**What you should do**
After locating the line with "6年女子は上原さんが11分43秒で2度目の優勝。" below, output it and each following line exactly, stopping after the line with "Photo 17 of". No pictures.

**Input data**
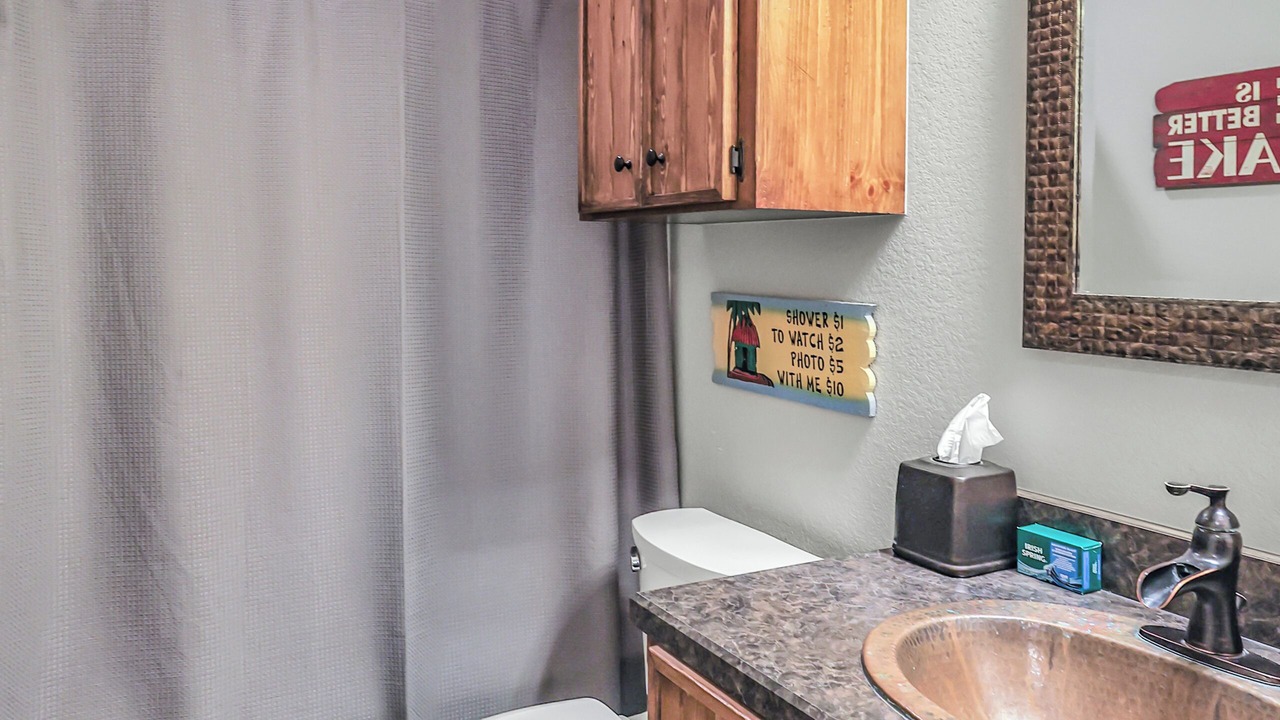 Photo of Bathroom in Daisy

==

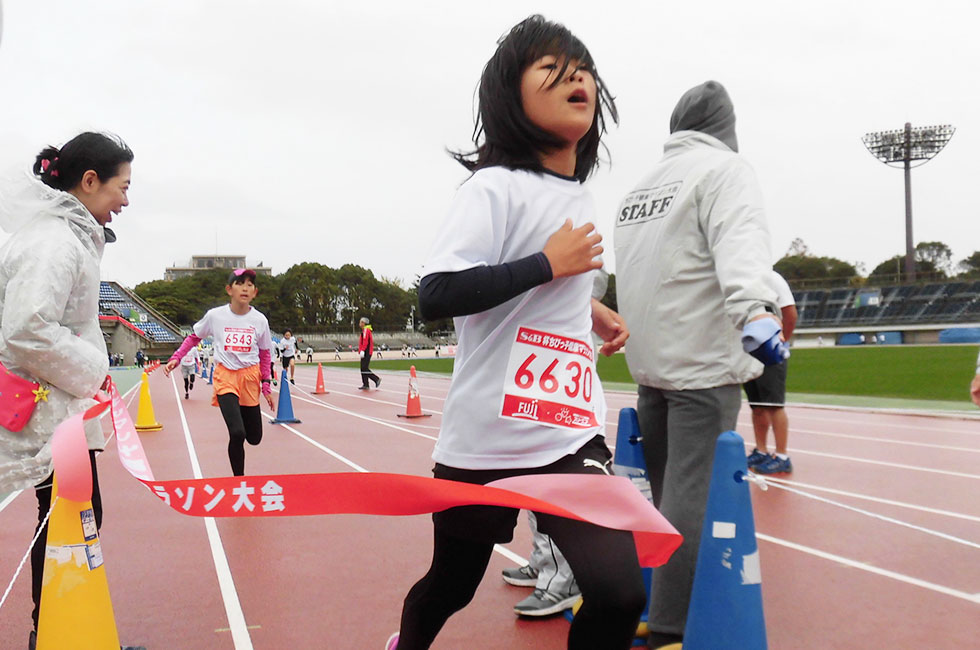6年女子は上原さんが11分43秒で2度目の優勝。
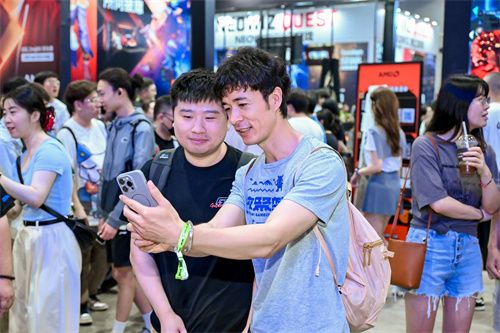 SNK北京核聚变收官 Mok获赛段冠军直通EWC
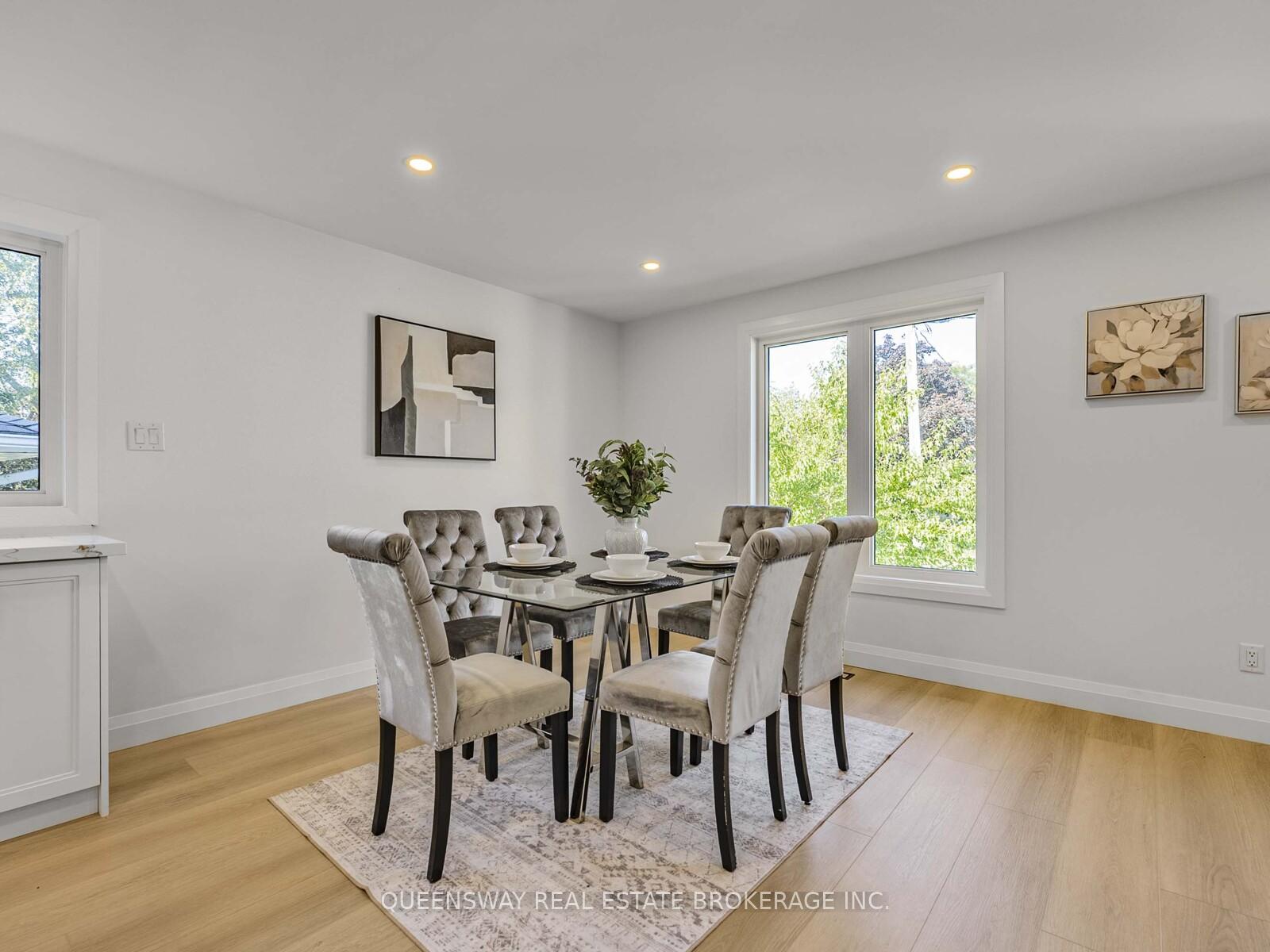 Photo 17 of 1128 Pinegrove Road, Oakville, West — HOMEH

---

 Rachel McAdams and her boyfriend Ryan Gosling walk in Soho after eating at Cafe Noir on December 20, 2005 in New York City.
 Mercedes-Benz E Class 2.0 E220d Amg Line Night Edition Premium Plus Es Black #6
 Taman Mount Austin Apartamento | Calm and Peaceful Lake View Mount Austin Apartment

**Answer section**
6年女子は上原さんが11分43秒で2度目の優勝。
 SNK北京核聚变收官 Mok获赛段冠军直通EWC
 Photo 17 of 1128 Pinegrove Road, Oakville, West — HOMEH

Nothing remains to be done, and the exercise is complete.